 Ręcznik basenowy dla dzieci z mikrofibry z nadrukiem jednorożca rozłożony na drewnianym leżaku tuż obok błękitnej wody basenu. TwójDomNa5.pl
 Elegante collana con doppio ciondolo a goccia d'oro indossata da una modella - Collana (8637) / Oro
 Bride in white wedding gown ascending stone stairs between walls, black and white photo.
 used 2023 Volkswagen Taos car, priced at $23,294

— Activity —
All of the data above must be repeated exactly.

— Response to this task —
 Ręcznik basenowy dla dzieci z mikrofibry z nadrukiem jednorożca rozłożony na drewnianym leżaku tuż obok błękitnej wody basenu. TwójDomNa5.pl
 Elegante collana con doppio ciondolo a goccia d'oro indossata da una modella - Collana (8637) / Oro
 Bride in white wedding gown ascending stone stairs between walls, black and white photo.
 used 2023 Volkswagen Taos car, priced at $23,294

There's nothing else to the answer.